In an accident, the at-fault driver is often held liable. However, if the at-fault driver is an employee driving a company vehicle at the time of the crash, assigning responsibility may not be as straightforward.
That’s perhaps because the employer may sometimes be held liable for resulting damages, especially if the driver was within the scope of their job at the time of the crash. An employee may also bear responsibility under some circumstances, especially if they were not conducting approved business when the accident happened.
In this post, we’ll help you understand matters of liability if you get involved in a crash with a company vehicle.
What to Do in an Accident While On the Job
When involved in an accident, the first rule is not to admit fault even when it seems obvious. Instead, as you wait for assistance, you need to take pictures and video footage of the scene, which can be used as evidence by the company lawyer in case of a lawsuit. Once help arrives, take advantage of the first aid offered on-site and ensure you visit the ER.
It does not always mean that the company driver is at fault. There are times when the responsibility lies with the other driver or a third-party such as the automaker.
If you have injuries inflicted by a negligent driver who causes an accident in San Diego, you are eligible for compensation. However, pursuing compensation can be complicated, so you may need to talk to a car accident attorney based in San Diego to help you with the process.
Situations Under Which the Employer Is Held Responsible
“Respondeat superior “is a Latin phrase meaning “the superior should answer.” Under this theory, the employer bears responsibility for accidents caused by their employees when engaging in activity within their scope of work.
Examples of approved business duties include making a delivery, returning from making a delivery, transporting other workers, or running any company errand.
Even in situations where “respondeat superior” may not apply, the employer may still be held liable for an accident if the claimant can prove that the employer was negligent.
A good example is if an accident results from a drunk company driver, while the employer knew that the driver had a history of DUI. In such a case, the employer could be said to have acted negligently.

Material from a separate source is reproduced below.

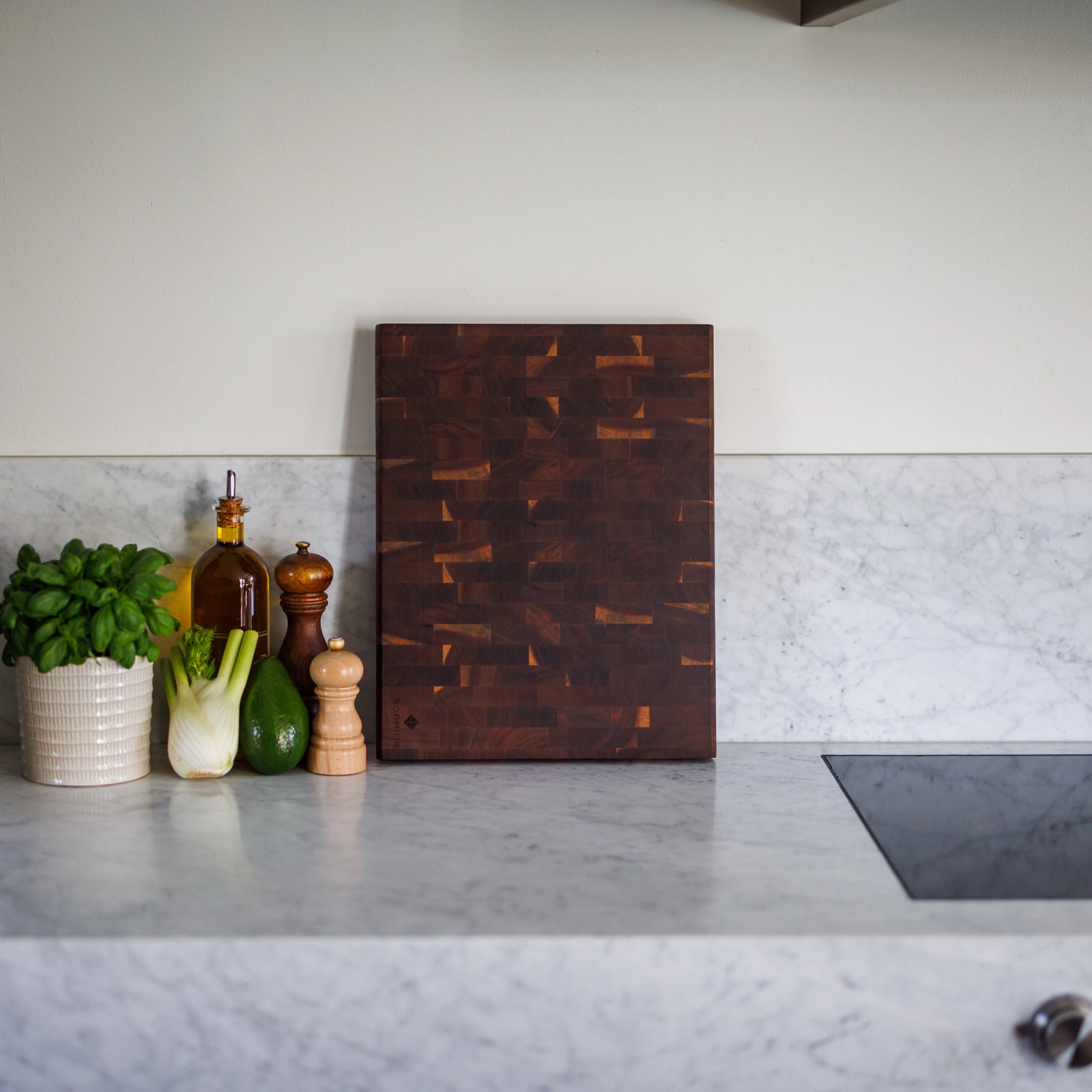 Houten Snijplank Acacia Kopshout – 45×35×4 cm rechtop op marmeren werkblad met basilicum, olijfolie en peper- en zoutmolens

Other circumstances that point to employee negligence include failure to train the employee on proper vehicle handling, failure to follow set regulations for maximum driver hours, and failure to maintain company vehicles per the schedule.
When the Employee Can Be Held Liable For the Accident
An Activity Not in Their Scope of Employment
If the accident occurs when the driver is engaged in an activity not part of their assigned duties, they will be personally responsible for causing the accident. Examples of activities not in their scope of work include running personal errands and driving to or from work.
An employee may also be held personally liable for an accident if the accident results from willful misconduct. For example, if an employee intentionally hits another vehicle in a fit of rage.
The driver may also be held responsible for an accident if they are classified as an independent contractor. While the distinction between an employee and an independent contractor may appear vague, the law treats them very differently.
A driver is an independent contractor if they use their vehicle to do the job, are free from the employer’s control, and have a separate office at a location not at the employer’s premises.
Irrespective of who is responsible for an accident, victims of an accident are eligible for compensation. A fair payout must adequately compensate for economic and economic damages. Under some circumstances, the victim may also recover punitive damages if there is evidence to prove gross negligence as a cause of the accident.